Any pictures and advise would be highly appreciated!

Thanks

BaDaBooM


----------



## BearGFR (Aug 25, 2008)

Ames Performance should have them.
Why do you say the connection isn't correct? The connection for both a temperature light and a temperature gauge consists of just one wire on the engine harness, and it's usually green in color.

Bear


----------



## BaDaBooM (Feb 8, 2017)

Hey

Haha, the wire is actually green. When I bought the car the previous guys sprayed the car with all the wiring in, cleaned the over spray up on the wiring in the meantime.

It is currently connected to the TCS from what I can understand as there are 3 prongs on it and the gauge is staying on cold, here is what I could find.
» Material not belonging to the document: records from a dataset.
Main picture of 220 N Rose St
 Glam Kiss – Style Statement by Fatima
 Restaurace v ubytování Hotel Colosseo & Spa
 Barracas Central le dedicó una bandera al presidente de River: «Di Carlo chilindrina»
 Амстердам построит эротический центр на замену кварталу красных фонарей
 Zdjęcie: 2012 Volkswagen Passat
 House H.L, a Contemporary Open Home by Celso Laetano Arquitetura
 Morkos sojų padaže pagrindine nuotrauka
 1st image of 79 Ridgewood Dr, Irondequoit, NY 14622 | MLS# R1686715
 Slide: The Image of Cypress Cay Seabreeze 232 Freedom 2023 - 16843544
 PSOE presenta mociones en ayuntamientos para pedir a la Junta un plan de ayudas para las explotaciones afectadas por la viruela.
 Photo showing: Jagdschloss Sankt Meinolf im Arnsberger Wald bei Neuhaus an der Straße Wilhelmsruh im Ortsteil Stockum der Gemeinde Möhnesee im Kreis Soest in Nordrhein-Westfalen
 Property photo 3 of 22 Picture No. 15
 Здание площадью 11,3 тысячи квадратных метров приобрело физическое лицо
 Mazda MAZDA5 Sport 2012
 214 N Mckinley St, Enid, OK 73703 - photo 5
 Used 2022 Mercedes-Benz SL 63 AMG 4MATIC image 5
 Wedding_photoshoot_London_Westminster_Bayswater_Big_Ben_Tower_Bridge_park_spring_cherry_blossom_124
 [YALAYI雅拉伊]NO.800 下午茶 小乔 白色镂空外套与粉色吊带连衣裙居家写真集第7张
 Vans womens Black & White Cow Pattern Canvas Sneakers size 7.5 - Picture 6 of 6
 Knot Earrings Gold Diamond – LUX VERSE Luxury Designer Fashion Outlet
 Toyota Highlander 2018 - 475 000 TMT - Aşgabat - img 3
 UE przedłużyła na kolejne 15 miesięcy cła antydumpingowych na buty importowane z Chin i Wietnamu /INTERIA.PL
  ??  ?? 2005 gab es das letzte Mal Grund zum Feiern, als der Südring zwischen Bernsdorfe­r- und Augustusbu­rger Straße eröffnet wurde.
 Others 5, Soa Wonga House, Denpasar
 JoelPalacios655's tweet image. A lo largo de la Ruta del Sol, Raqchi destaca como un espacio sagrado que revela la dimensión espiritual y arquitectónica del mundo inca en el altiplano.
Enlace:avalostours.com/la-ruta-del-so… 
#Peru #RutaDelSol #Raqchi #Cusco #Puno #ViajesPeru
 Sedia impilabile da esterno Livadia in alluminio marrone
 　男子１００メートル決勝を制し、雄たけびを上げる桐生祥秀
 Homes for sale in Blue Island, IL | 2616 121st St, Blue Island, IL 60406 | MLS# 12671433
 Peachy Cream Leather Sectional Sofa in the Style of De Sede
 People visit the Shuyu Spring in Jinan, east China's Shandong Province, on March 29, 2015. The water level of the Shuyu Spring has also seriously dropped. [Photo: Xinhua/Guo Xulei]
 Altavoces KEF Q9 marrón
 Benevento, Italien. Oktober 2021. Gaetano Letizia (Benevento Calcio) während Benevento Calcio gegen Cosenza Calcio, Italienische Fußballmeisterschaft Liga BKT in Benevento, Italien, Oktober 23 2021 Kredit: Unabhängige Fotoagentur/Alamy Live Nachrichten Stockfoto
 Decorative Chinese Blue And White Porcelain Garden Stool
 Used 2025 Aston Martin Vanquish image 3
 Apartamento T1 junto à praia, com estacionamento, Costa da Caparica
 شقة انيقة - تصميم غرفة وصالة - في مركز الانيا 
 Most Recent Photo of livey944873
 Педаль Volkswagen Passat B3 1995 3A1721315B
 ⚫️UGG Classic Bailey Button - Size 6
That is the transmission controlled spark coolant temp switch, which is located in the rear of the passenger side cylinder head. The "TCS" system controlled the vacuum advance through a solenoid mounted towards the rear of the intake manifold - for emission control purposes. The solenoid in turn was switch on or off depending upon vehicle speed (TH350 and TH400 equipped cars) or gear selection (3 or 4 speed manual transmission equipped cars). This switch you have pictured was an override to allow vacuum advance under all conditions only when the coolant temperature was well above normal.

GM part number is 6490384 and the AC-Delco part number is G1868. Both are long discontinued and no aftermarket parts were ever available.


----------